BPS does not replace collision geometry. The USD is still needed for simulation and contact. BPS is a compact observation for the neural network. If the dataset has only one object, the wrapper skips this stage because shape does not vary across motions.
Debug by Folder
When the pipeline fails, do not read logs randomly. Debug by output folder:
| Folder | If missing | Check |
|---|---|---|
robot/ |
SMPL-X to G1 retargeting failed | Input 4dhoi_recon_valid, GMR installation, --robot unitree_g1, viewer/display |
objects/ |
Object trajectory was not packaged | Whether reconstruction contains object pose and the category path is correct |
object_usd/ |
Mesh conversion failed | Source mesh, IsaacLab/USD dependencies, output permissions |
meta/ |
Task metadata is missing | Reconstruction metadata, object name, table data |
<name>_ha/robot/ |
Processing skipped motions | --lift_threshold, --skip_no_lift, contact points |
bps/ |
BPS not created | Whether more than one USD exists and whether pxr/usd-core imports correctly |
A good smoke test is to run 3-5 motions end-to-end, then inspect pkl keys with joblib:
import joblib
motion = joblib.load("data/motion_lib/benchmark_v3_0203_ha/robot/<motion_id>.pkl")
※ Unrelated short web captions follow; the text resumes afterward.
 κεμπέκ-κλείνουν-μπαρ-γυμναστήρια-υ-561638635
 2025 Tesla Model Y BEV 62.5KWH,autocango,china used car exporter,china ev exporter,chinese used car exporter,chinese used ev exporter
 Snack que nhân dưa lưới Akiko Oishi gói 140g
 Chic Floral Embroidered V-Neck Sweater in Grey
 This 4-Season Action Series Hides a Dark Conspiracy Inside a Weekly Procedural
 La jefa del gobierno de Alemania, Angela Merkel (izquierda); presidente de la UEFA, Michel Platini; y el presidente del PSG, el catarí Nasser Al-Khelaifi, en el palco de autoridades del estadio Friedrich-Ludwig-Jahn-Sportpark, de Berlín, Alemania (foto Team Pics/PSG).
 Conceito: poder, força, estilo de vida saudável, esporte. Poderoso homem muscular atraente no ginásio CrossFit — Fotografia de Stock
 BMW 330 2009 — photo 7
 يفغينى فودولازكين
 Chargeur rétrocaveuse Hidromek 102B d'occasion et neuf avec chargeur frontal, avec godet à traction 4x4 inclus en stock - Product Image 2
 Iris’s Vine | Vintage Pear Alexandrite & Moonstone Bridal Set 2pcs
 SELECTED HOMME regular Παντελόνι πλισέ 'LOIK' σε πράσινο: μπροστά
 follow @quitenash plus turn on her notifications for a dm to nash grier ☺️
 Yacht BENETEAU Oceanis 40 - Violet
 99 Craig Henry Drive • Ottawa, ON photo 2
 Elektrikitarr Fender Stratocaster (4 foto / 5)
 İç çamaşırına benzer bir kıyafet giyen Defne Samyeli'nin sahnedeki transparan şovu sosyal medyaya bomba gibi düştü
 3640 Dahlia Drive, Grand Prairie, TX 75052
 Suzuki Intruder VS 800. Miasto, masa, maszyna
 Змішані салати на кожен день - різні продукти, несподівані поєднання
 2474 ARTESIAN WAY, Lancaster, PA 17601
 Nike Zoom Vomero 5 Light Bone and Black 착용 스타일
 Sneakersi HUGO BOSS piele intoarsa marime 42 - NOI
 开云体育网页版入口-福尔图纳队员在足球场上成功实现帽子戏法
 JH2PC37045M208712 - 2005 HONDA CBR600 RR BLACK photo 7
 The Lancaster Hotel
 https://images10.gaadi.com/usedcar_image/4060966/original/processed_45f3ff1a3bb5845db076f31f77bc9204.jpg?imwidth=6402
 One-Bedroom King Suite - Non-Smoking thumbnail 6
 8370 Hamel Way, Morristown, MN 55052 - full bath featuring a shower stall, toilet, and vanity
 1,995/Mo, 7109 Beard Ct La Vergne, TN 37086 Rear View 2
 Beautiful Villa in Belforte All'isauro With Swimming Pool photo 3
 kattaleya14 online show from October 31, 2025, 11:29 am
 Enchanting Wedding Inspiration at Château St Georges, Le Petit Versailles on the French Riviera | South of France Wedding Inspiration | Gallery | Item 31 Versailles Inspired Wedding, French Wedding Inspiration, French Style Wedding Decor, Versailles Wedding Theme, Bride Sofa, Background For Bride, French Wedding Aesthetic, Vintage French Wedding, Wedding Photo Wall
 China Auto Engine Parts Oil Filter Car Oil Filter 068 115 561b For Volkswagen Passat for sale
key = list(motion.keys())[0]
print(motion[key].keys())
obj = joblib.load("data/motion_lib/benchmark_v3_0203_ha/objects/<motion_id>.pkl")
print(obj[key].keys())
For manipulation, the robot motion should contain dof, pose_aa, root_trans_offset, root_rot, fps, and hand_action_left/right. The object motion should contain root_pos, root_quat, fps, and contact points if contact export is enabled.
Conclusion
retarget_pipeline.sh is the most important conversion step before training. It takes 4dhoi_recon_valid reconstruction output and creates the motion-library layout that trackers and policies understand: robot, objects, object_usd, meta, and for multi-object datasets, bps. The retarget stage solves the morphology problem from SMPL-X to Unitree G1. The process stage turns contact/lift timing into hand_action_left/right, adds table geometry, and rejects motions without a real lift. The compute_bps stage turns object shape into a fixed observation embedding.
The key decision is to classify the dataset before running the command. For pickup/manipulation, run the full pipeline and inspect --lift_threshold, --grasp_anticipation_frames, and --treat_hands_equally. For terrain/sitting, use --zero_out_wrist during retargeting and usually skip hand-action processing. In part 6, we will use this motion library to train trackers/policies and prepare data for sim-to-real.